Exile: I’m the author of guitars, bass, vocals and lyrics. Demonoir is the author of drums, synths, also he was making the design of artwork booklet and visualization of our album stream, uploaded in our official YouTube channel. He also took part in the process of sound-producing.
TIBM: Working off that question, what comes first, the music or the lyrics?
Exile: It happens both ways. More often its music, which comes first.
TIBM: Speaking of the lyrics you cover some very interesting themes. Right from the start with the engrossing lyrics of Motherwhore which seems to cover the dualism of humanity, to the occult-themed The Ritual of Soul Burning, to religious subjects brought up in Until The Light Do Us Part, to exploration of human relationships in Nausea of Love the album has a sweeping scope in terms of your poetry. Would you care to say a few words about your lyrics? Are you inspired by any of the Russian classics?

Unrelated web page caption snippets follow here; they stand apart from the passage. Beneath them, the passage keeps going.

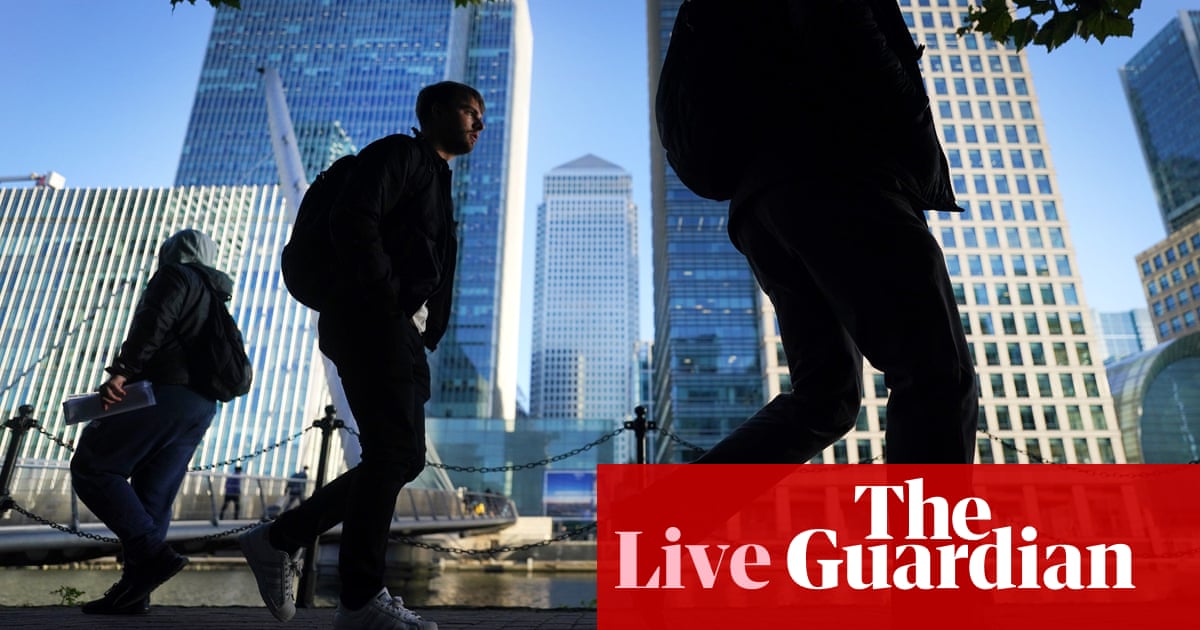 UK jobs market losing steam as economic uncertainty rises – business live
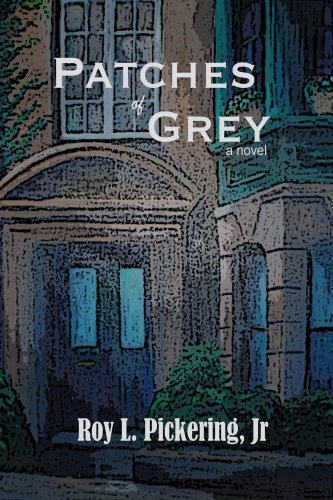 Patches Of Grey Patches of Grey, Roy L. Pickering Jr, Book Cover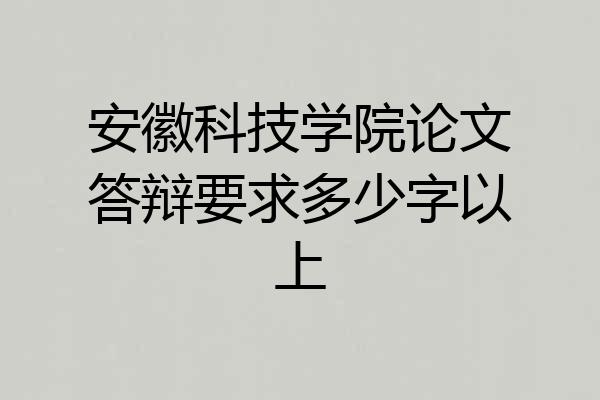 安徽科技学院论文答辩要求多少字以上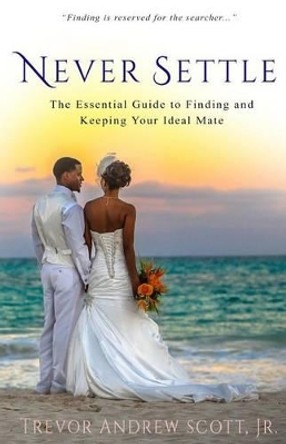 Never Settle: The Essential Guide to Finding and Keeping Your Ideal Mate by Jr Trevor Andrew Scott 9780990789604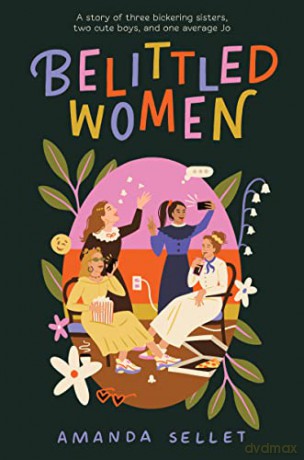 Belittled Women: A Story of Three Bickering Sisters, Two Cute Boys, and One Average Jo - Amanda Sellet [KSIĄŻKA]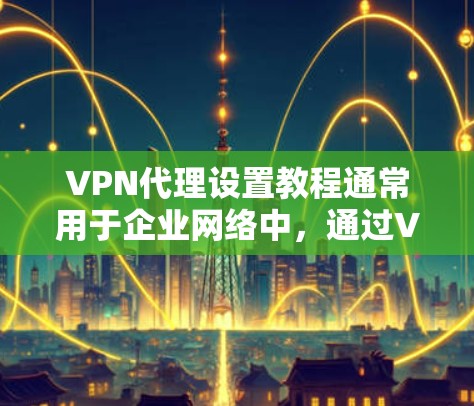 VPN代理设置教程通常用于企业网络中,通过VPN(虚拟专用网络)为员工提供安全的远程访问公司内部网络的方式。以下是设置VPN代理的基本步骤,假设你是在企业环境中使用VPN VPN代理设置教程通常用于企业网络中,通过VPN(虚拟专用网络)为员工提供安全的远程访问公司内部网络的方式。以下是设置VPN代理的基本步骤,假设你是在企业环境中使用VPN
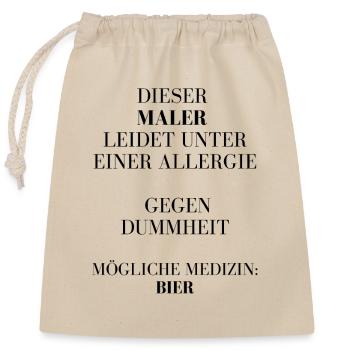 Allergie gegen Dummheit! - Verschließbarer Geschenkbeutel aus Baumwolle (25x30cm) - Natur - Vorne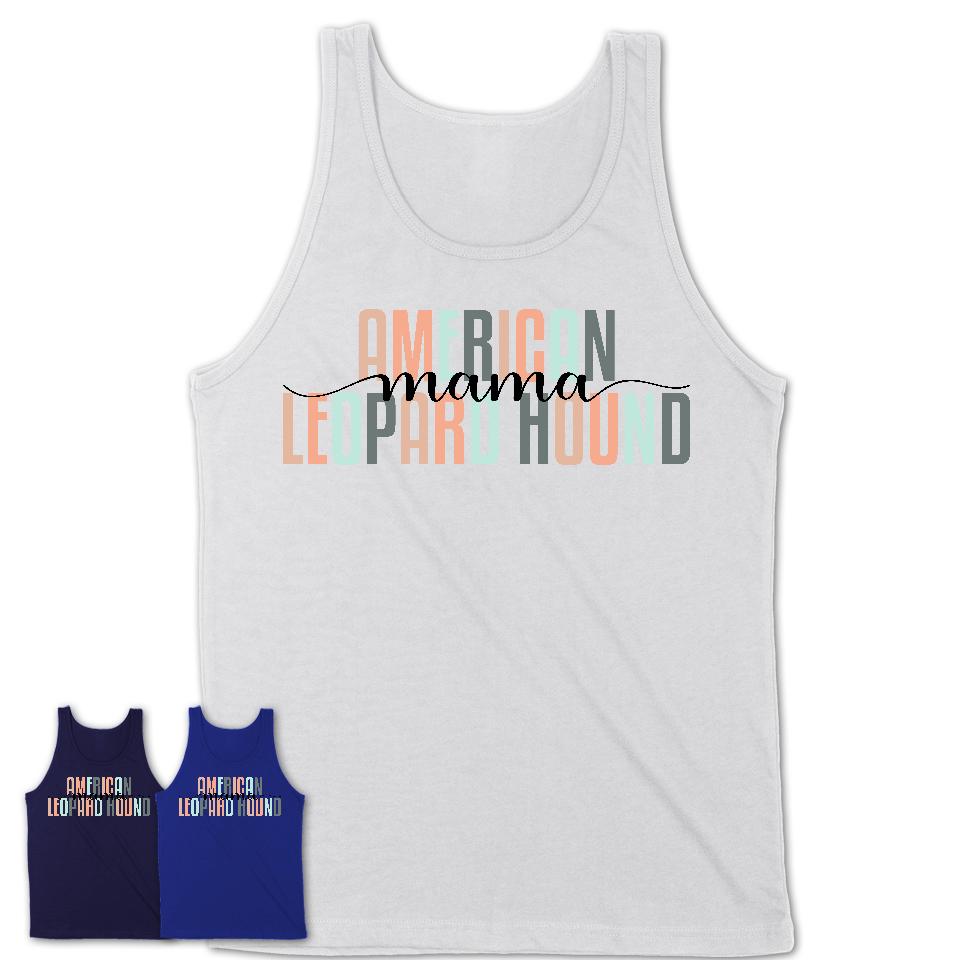 American Leopard Hound Mama Shirt, Mom Of American Leopard Hound Shirt, Dog Mom Gifts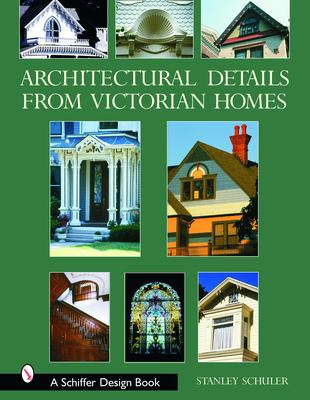 Architectural details from Victorian homes /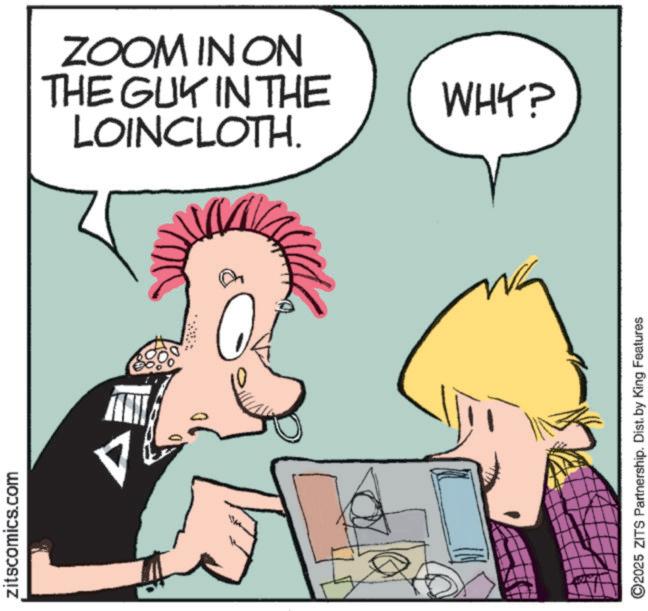 Animated cartoon OCR: zitscomics.com D ZOOM IN ON THE GUY IN THE LOINCLOTH. WHY? 2025 ZITS Partnership. Dist. by King Features zitscomics.com D ZOOM IN ON THE GUY IN THE LOINCLOTH . WHY ? 2025 ZITS Partnership . Dist . by King Features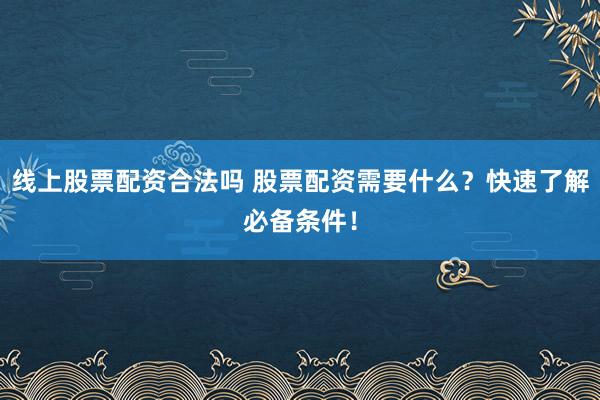 线上股票配资合法吗 股票配资需要什么？快速了解必备条件！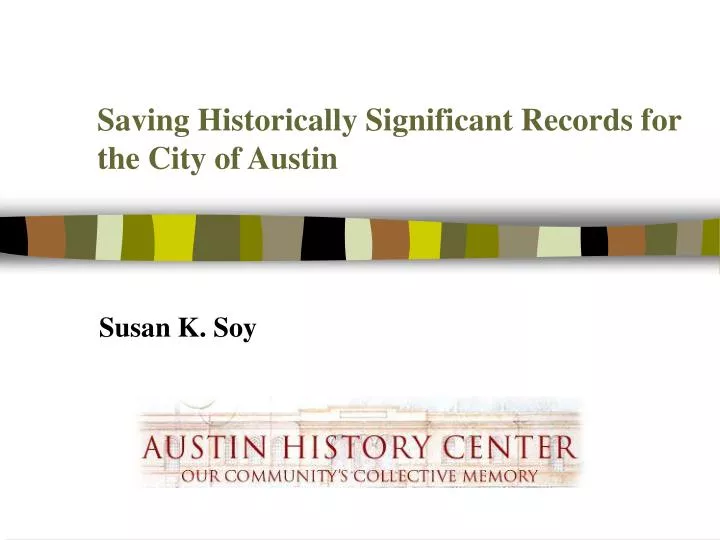 saving historically significant records for the city of austin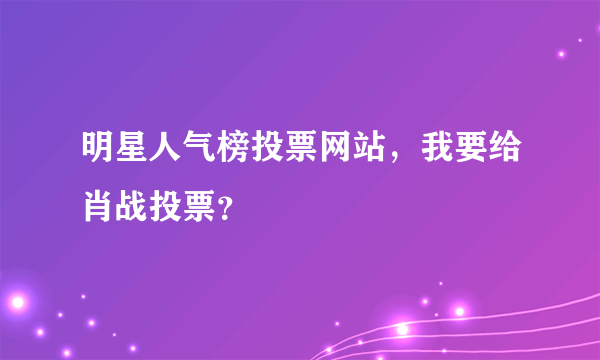 明星人气榜投票网站，我要给肖战投票？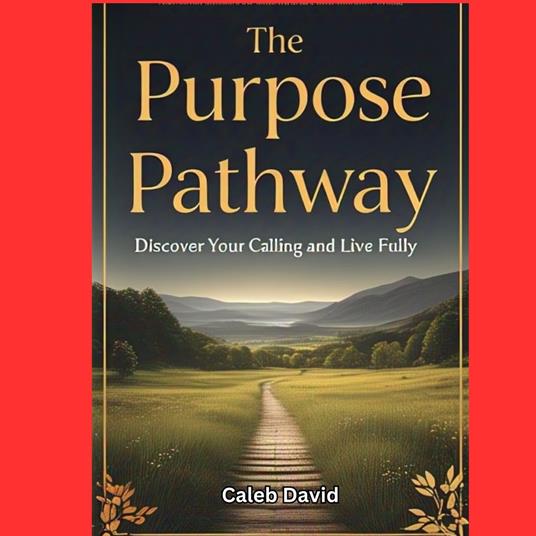 Purpose Pathway, The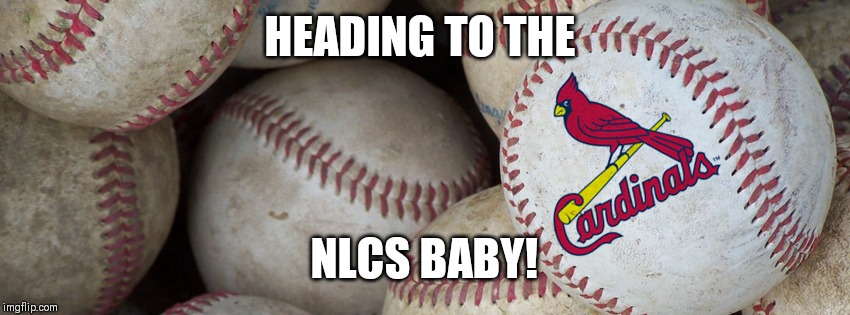 St Louis Cardinals | HEADING TO THE; NLCS BABY! | image tagged in st louis cardinals | made w/ Imgflip meme maker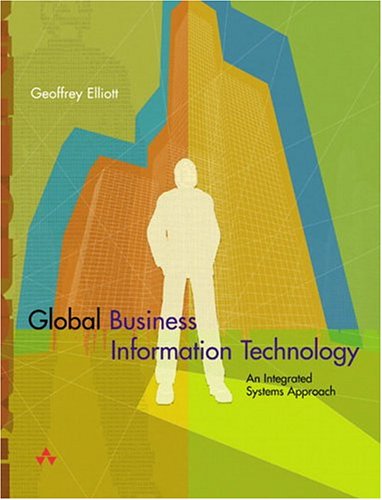 Global Business Information Technology: an integrated systems approach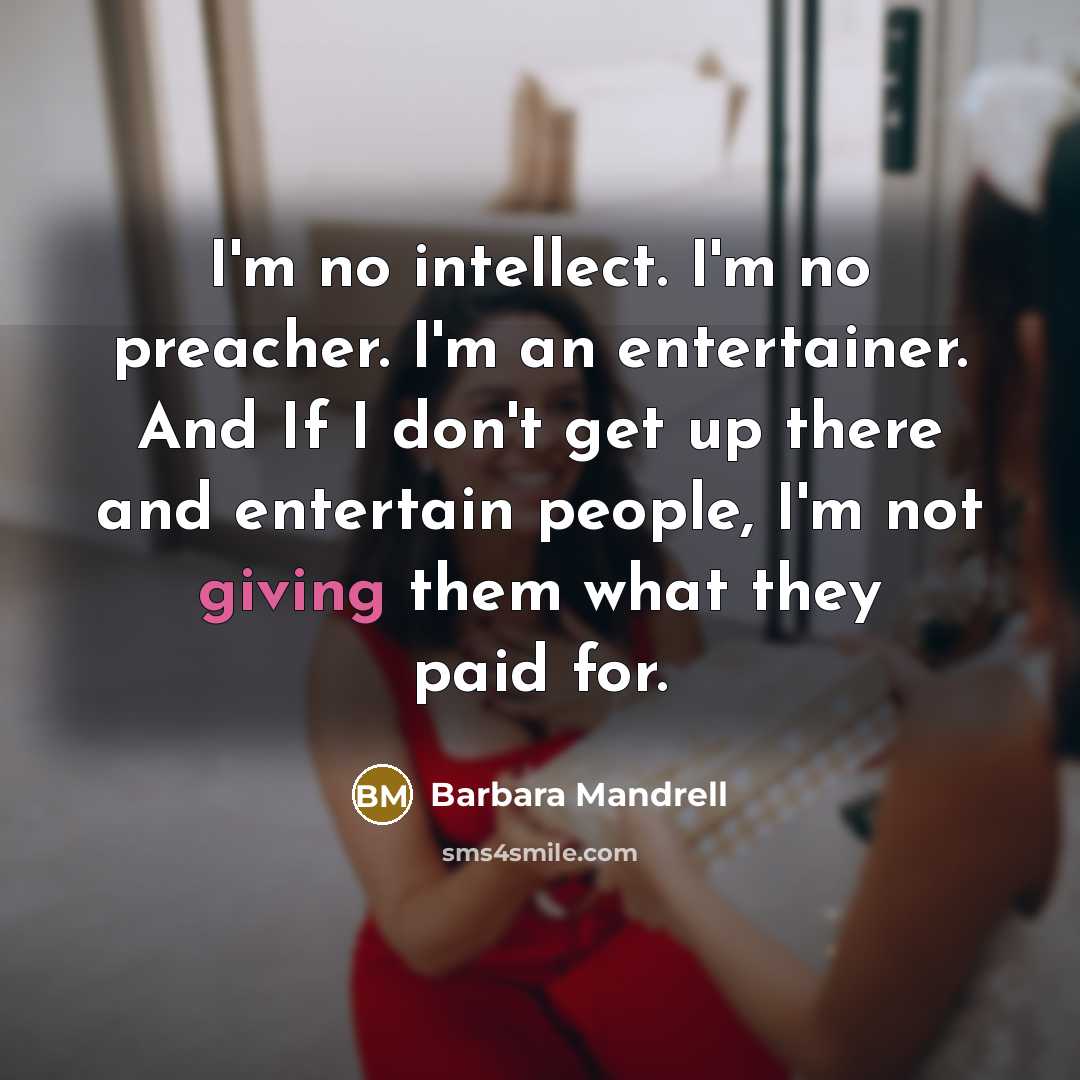 “I'm no intellect. I'm no preacher. I'm an entertainer. And…” quote by Barbara Mandrell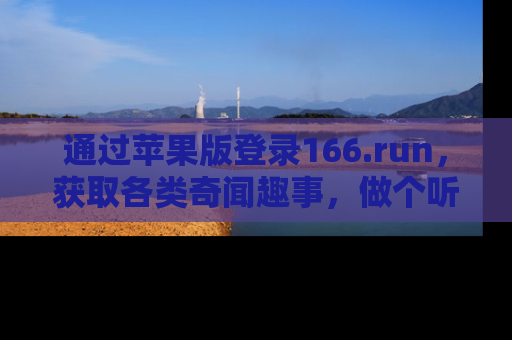 通过苹果版登录166.run,获取各类奇闻趣事,做个听瓜达人!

Exile: Lyrics are very important for me, as well as the music. And, being a philologist, I wouldn’t call my texts as “poetry”, because rhyme is missing there, but as for poetic tropes, its poetry in fact. My favorite poet is Mikhail Lermontov, but as for Rame lyrics, I wouldn’t say that his poetry inspired me.
TIBM: Lets talk a little bit about the future of your project. Do you see yourself as a touring band in the future? Are you interested in playing concerts? If yes, what are some places that you would most like to “conquer” and play in?
Exile: Yes, I see Rame as a touring band, and already try to form a concert lineup. I want Rame to become fully involved in worldwide touring, though I`m conscious of how expensive and problematic it is, how much it depends on the gaining of popularity, but, anyway, I hope one day Rame will be a touring band. First of all, I would like to play in Europe and the USA.
Rame – Other Side (Official Lyric Video)
TIBM: Why those places in particular?
Exile: Because this is the land, where the extreme music took origin.
TIBM: Are you working on any new music? Are your future releases going to follow the same formula as the last release or will you be breaking new ground?
Exile: Yes, the guitars for the second album are already composed. The release will go mostly the same formula as “Chants To Maim Again”.
TIBM: Where do you see the band in 10 years? What is your ultimate goal musically?
Exile: Well, I`m trying to break myself from the habit of looking too much ahead
TIBM: Any parting wisdom for our readers?
Exile: Stay thoughtful, think for yourselves, strive for freedom.
TIBM: Thank you so much for sitting down with us.